Esta distancia -este abismo- social intersecta con el sesgo de confirmación de autoridades que solo parecen tener oídos para cifras positivas y analistas complacientes. El ministro Mañalich, en su otra frase para el bronce de esta semana, admitió que “todos los ejercicios epidemiológicos, las fórmulas de proyección con las que yo me seduje en enero se han derrumbado como castillo de naipes”. Pero las proyecciones de entidades como Espacio Público, de científicos y epidemiólogos no se han derrumbado en absoluto. Siguen de pie, apuntando que la curva no se había aplanado, no estábamos en una meseta, y el aumento de casos no se explicaba por la cantidad de exámenes.

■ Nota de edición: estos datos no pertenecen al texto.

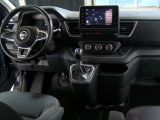 Nissan Primastar bei Gebrauchtwagen.expert - Abbildung (10 / 15)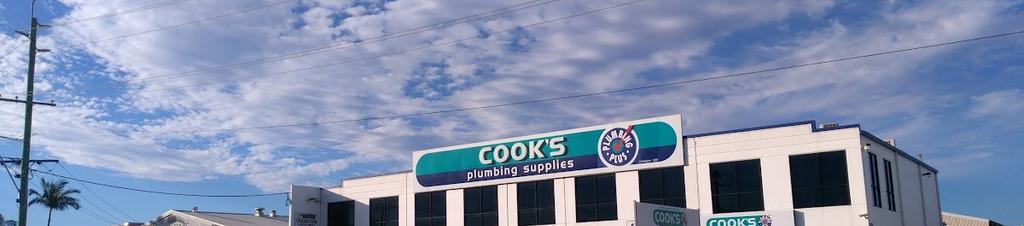 Luxury hotels in Brendale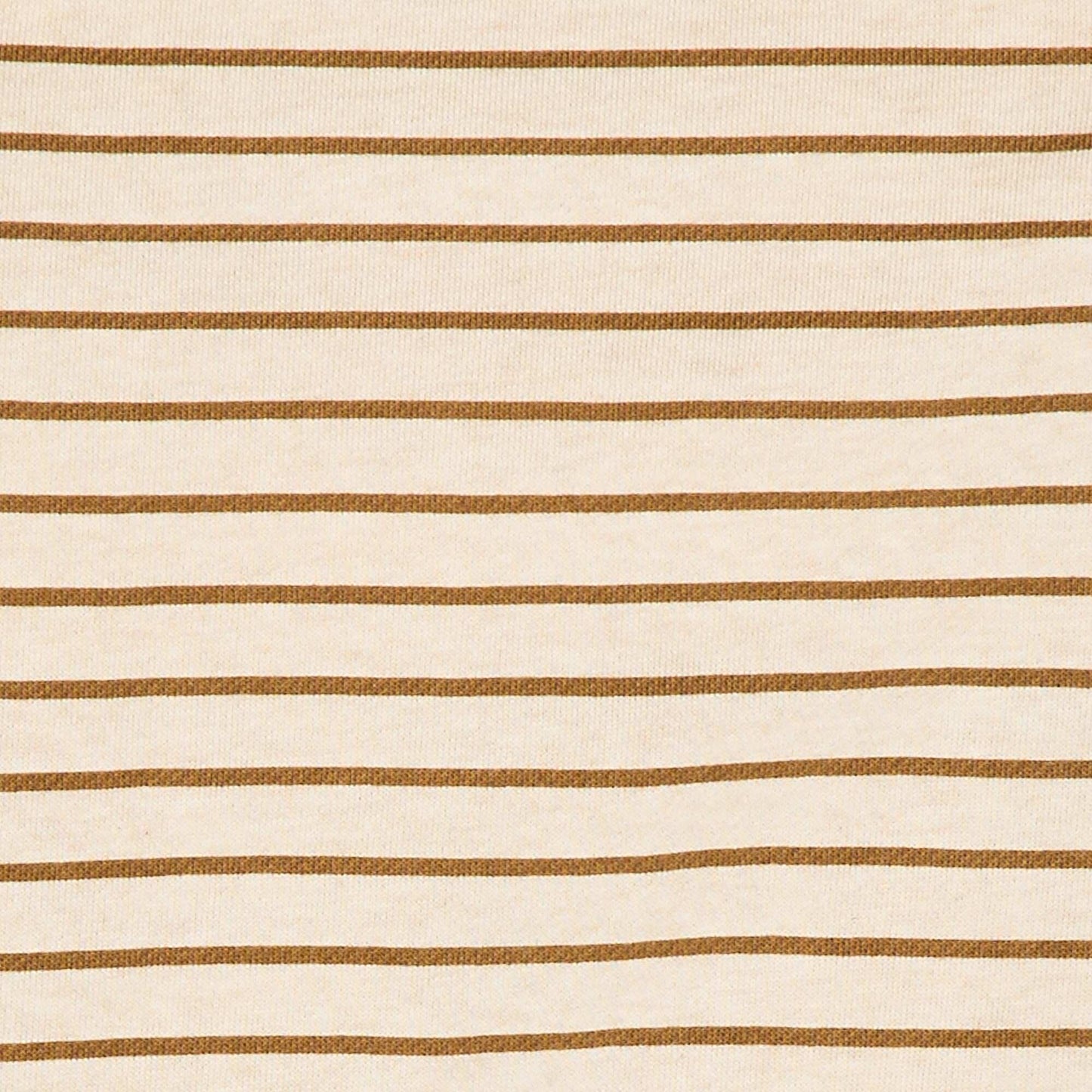 French terry short overalls with cotton straps BEIGE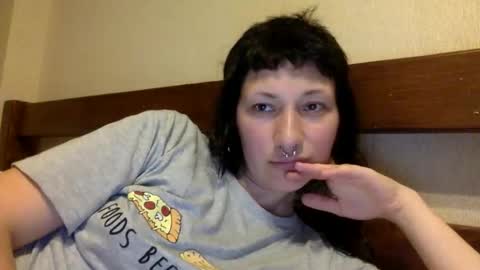 rina_the_great online show from 11, 9, 2025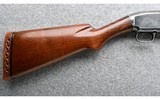 Winchester ~ 1912 ~ 20 Gauge - 2 of 10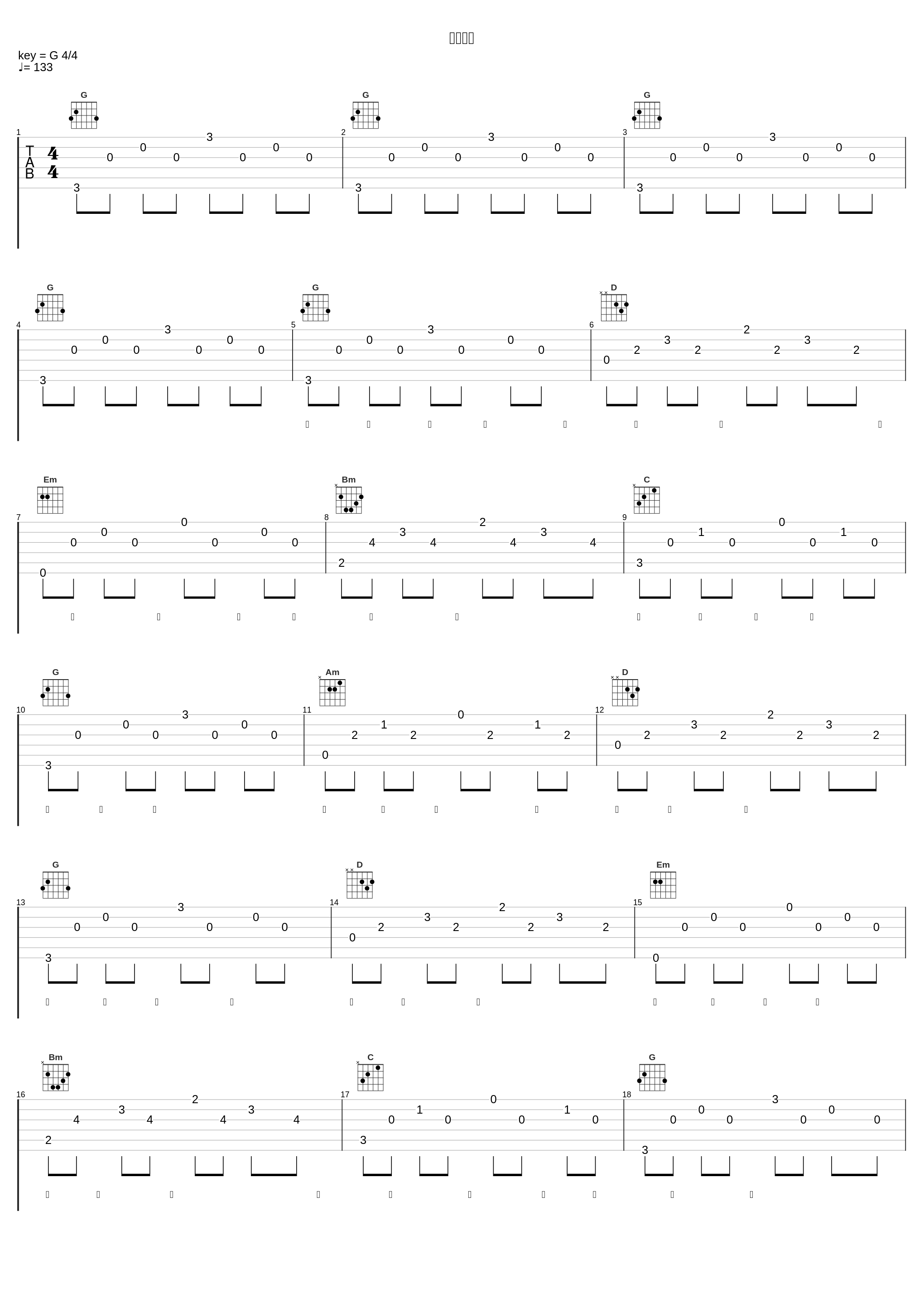 关怀方式_阿牛_1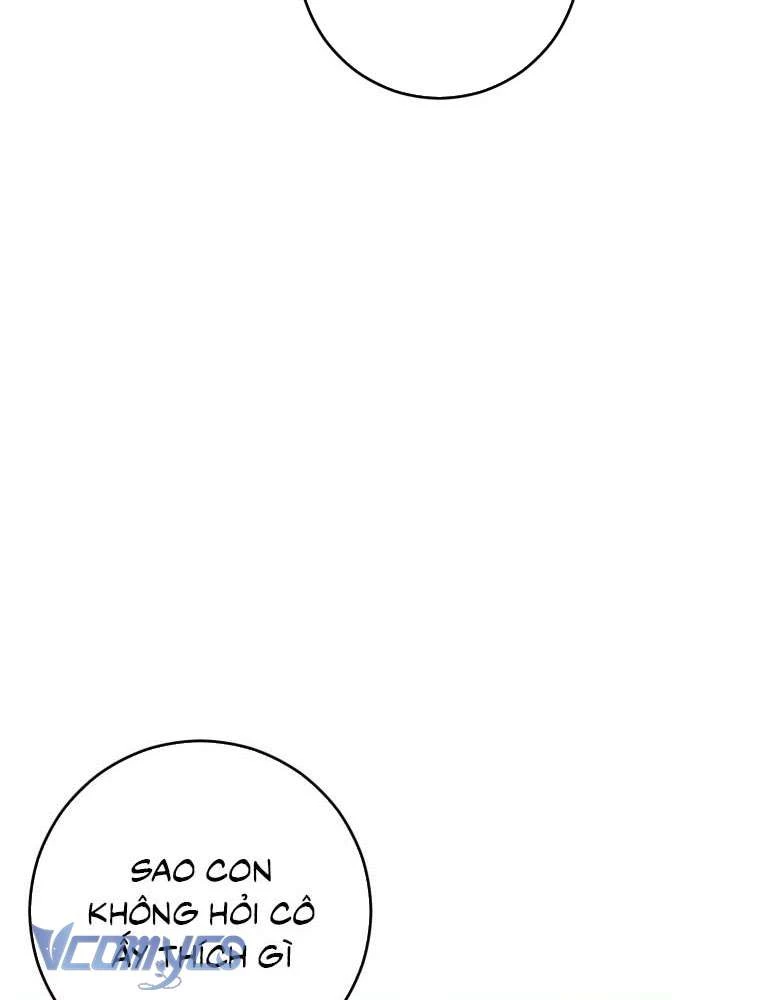 Em Trai Tôi Là Hoàng Đế Ngang Ngược Chapter  102 - 90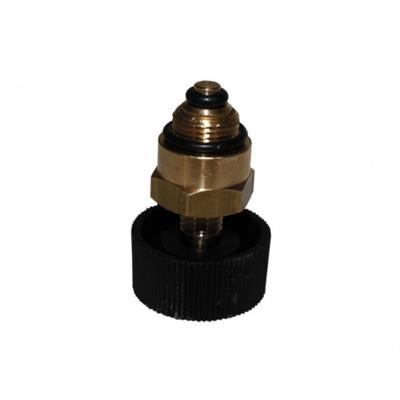 LLAVE LLENADO 37mm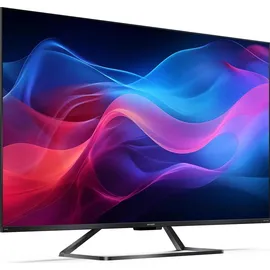 Sharp 50GR8265E 50" 4K QLED Google TV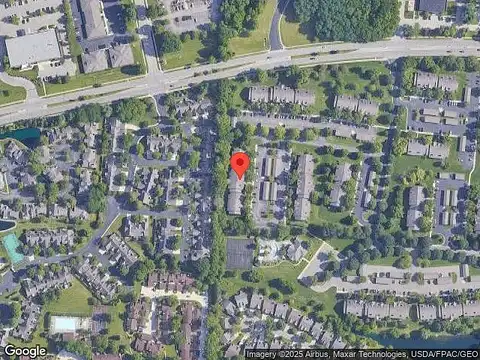 Hollow Run 3, Centerville, OH 45459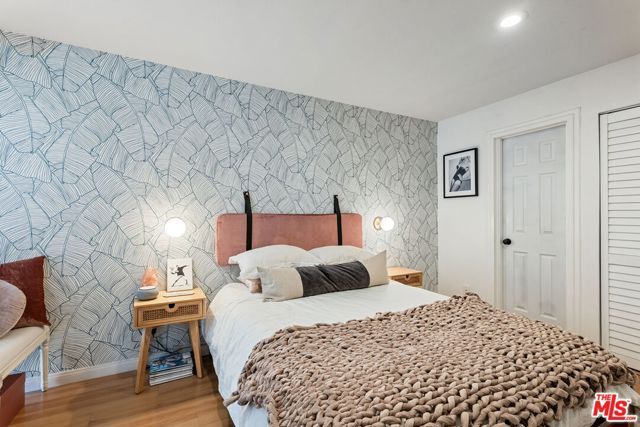 525 S Ardmore Avenue 221, Los Angeles, CA 90020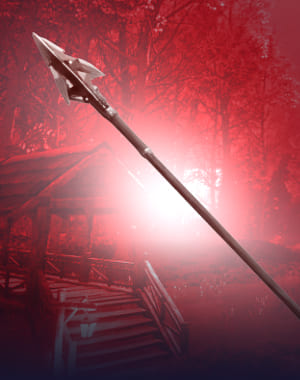 The Scorpion's Sting Artifact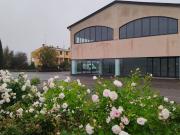 Immobile in affitto a Parma PR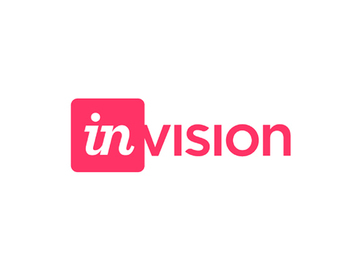 PMM Approved: InVision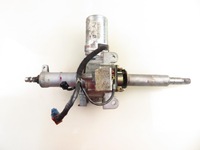 фото thumb №1, Підсилювач електричні opel combo c 13205208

No éramos líderes ni ejemplos mundiales. Éramos -somos- sólo otro país luchando, con aciertos y errores, una batalla en la que no hay certezas.
El gobierno se convenció de que había descubierto la pólvora con las cuarentenas dinámicas. Pero ese castillo de naipes se desmoronó cuando las medidas pasaron del barrio alto a las comunas vulnerables. En Las Condes o Vitacura, la cuarentena bajó la movilidad de las personas en 60%. Pero en El Bosque, Puente Alto o Quinta Normal, donde el sustento depende de lo que se gane día a día en trabajos informales, la movilidad apenas bajó entre 15% y 25%.
Lo más preocupante es que tampoco la cuarentena total está siendo efectiva. El Gran Santiago ya entró en su tercera semana de confinamiento total y, según admite la subsecretaria de Salud, la enfermedad “no da tregua”. En estos momentos, Chile supera el hito de las mil muertes, rebasa el promedio global de tasa de mortalidad y roza los 100 mil contagios.
Los problemas siguen siendo los mismos que expertos y asesores advirtieron desde el principio: sin un ingreso que les permita subsistir, los jefes de hogar de familias vulnerables deberán salir a la calle. Esto no se resuelve culpando a la irresponsabilidad de la gente ni prometiendo canastas de alimentos de las cuales apenas se ha repartido el 5%, sino con apoyo económico urgente y suficiente.
Y, aun si se quedan en casa, el hacinamiento seguirá propagando el contagio si no hay un sistema eficaz para identificar a los contagiados y llevarlos a residencias sanitarias.
Las instrucciones oficiales piden a los pacientes aislados “ocupar una pieza solo, con ventana” y baño exclusivo, algo que puede ser factible en Vitacura, donde las viviendas tienen en promedio 106 m2, pero es utópico en La Pintana (35 m2), Lo Espejo (38 m2) o La Granja, que con 40 m2 de promedio ya es la comuna con más infectados por habitante.
Por eso, la primera minuta del consejo asesor, el 15 de marzo, urgía aislar a los contagiados. La epidemióloga Catterina Ferreccio, parte del consejo, advierte que ese esfuerzo requiere “miles de personas” trazando y llevando a los infectados a residencias sanitarias. Hoy, dos meses y medio después, ni siquiera hay gente suficiente para llamar por teléfono. Con apenas 80 funcionarios, “el Contact Center no da abasto”, se lee en el acta del Comité Operativo de Emergencia (COE), publicada por Ciper. “Ayer, 11.000 contactos no se alcanzaron a llamar, lo que está ocurriendo a diario”.
En 1910, Sinceridad causó escándalo en el establishment. Francisco Antonio Encina calificó el libro de “olla de grillos”; Gonzalo Vial acusó al autor de estar “consumido por la ira”, y Mario Góngora, de sufrir un “pathos acusatorio con mucho de resentimiento”.
Venegas debió renunciar a su cargo y dejar la docencia. La élite no estaba dispuesta a tanta sinceridad; a abandonar su cómoda distancia social, esa que le permite ignorar día a día la realidad. Así era entonces y así es hoy. Hasta que los porfiados hechos la vuelven imposible de ocultar.